Introducing the ecoptimist

Hello and welcome to my blog – the ecoptimist.

In my job, as a macroeconomist based in London, we understandably spend a lot of time thinking about ‘tail risk’ scenarios of what could happen if the euro crisis goes nuclear. This is often to the detriment of considering ‘central’ scenarios in which Europe muddles through the crisis and sets up institutions that will make a repeat much less likely in the future.

From conversations over the last few weeks, I’ve started to wonder whether this focus has led some of my colleagues to lose sight of what a realistic scenario for the euro area might look like. The pessimistic focus of our work, along with a sometimes over-simplified 24-hour newsflow, frames the way that we view the wider outlook.

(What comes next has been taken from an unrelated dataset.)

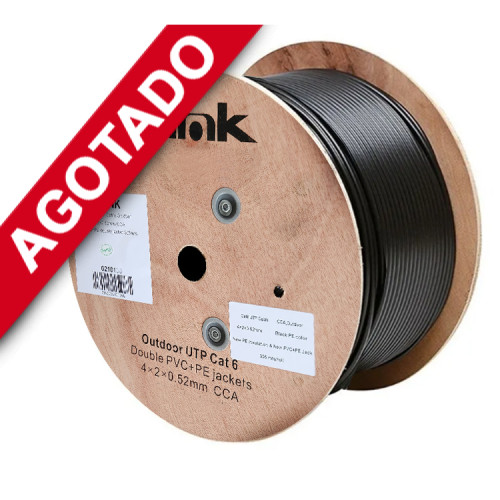Cable de red 100% cobre cat 6 exterior 100 mts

As a result, I know a lot of people who now expect – not fear as a tail risk, as I do, but actually expect as a central scenario – that the euro area will break up in the next few years amid economic depression, social unrest and nationalistic rabble-rousing.

But can that really be something to expect? In other words, does Europe really fail in 50% + 1 of the probability distribution of possible outcomes?

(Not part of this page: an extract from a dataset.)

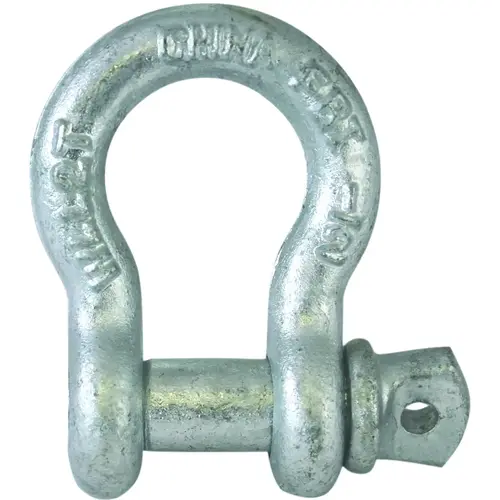 Anchor Shackle, 1/4 in Trade, 0.33 ton Working Load, Commercial Grade, Steel, Galvanized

I think not. In fact, I’m cautiously optimistic about the longer-term outlook for Europe, albeit acknowledging that there will be bumps in the road over the next few months and years. I’ll elaborate on this in future posts. But suffice to say, I think that Europe’s problems are more about political coordination than inexorable economic logic – and I think these coordination problems are far from as insurmountable as many clever people assume.

Over the next few weeks and months then, I’ll try to back up this assertion (and others!) with facts, data and analysis, along with a healthy dose of quality economic news and research from across the web. These are certainly interesting times for Europe and the world – and I’m sure I’ll have plenty to talk about!